### PROMPT
Leave out any picture and return the remaining listing below exactly as given.

### THE DATA
============

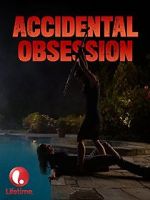 Watch Accidental Obsession 123netflix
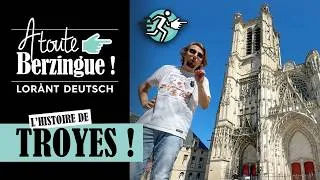Miniature : L'histoire de Troyes... A Toute Berzingue !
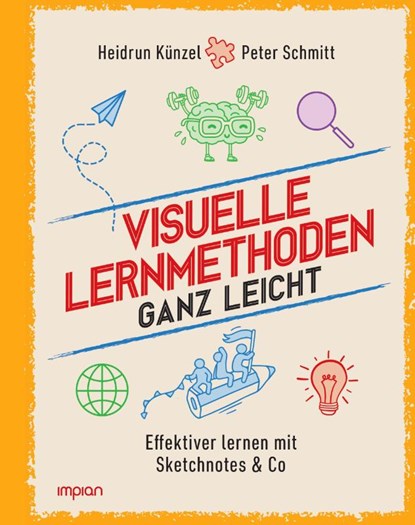 Visuelle Lernmethoden ganz leicht, Heidrun Künzel ; Peter Schmitt - Gebonden - 9783962692018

============

### WRITTEN SOLUTION
 Watch Accidental Obsession 123netflix
Miniature : L'histoire de Troyes... A Toute Berzingue !
 Visuelle Lernmethoden ganz leicht, Heidrun Künzel ; Peter Schmitt - Gebonden - 9783962692018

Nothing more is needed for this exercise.